Exercise requirements
Can you retype only the lines from the one with "Fujifilm X70 sample" through the final line of the material, exactly as given?

Data for processing

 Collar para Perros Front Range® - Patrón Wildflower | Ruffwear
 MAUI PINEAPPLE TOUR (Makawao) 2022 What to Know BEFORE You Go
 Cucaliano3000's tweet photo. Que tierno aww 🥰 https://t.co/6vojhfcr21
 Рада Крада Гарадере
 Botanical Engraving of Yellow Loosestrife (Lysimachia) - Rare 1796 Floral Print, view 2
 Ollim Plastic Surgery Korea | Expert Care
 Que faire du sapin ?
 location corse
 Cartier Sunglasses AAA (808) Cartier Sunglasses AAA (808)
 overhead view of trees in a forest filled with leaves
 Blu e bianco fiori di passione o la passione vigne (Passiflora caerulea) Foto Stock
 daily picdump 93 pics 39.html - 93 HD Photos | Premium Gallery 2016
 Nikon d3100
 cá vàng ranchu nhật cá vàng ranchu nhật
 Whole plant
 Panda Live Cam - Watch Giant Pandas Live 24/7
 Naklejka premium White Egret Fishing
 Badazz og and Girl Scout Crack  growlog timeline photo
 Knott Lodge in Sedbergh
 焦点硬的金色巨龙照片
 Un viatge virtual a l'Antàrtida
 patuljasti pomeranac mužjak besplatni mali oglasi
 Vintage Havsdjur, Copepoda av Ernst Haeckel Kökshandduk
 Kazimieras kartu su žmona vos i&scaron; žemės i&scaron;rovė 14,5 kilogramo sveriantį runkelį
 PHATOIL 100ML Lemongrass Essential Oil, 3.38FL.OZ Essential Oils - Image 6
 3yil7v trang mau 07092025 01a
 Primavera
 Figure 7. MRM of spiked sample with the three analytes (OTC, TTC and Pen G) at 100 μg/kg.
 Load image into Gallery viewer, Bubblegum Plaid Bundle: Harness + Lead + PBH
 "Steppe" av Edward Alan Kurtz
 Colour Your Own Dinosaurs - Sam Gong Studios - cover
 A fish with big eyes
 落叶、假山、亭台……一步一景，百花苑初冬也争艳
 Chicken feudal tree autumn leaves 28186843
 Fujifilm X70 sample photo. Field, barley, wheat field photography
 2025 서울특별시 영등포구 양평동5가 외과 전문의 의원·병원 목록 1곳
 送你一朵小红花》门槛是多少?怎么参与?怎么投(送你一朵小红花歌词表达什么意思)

Answer space
 Fujifilm X70 sample photo. Field, barley, wheat field photography
 2025 서울특별시 영등포구 양평동5가 외과 전문의 의원·병원 목록 1곳
 送你一朵小红花》门槛是多少?怎么参与?怎么投(送你一朵小红花歌词表达什么意思)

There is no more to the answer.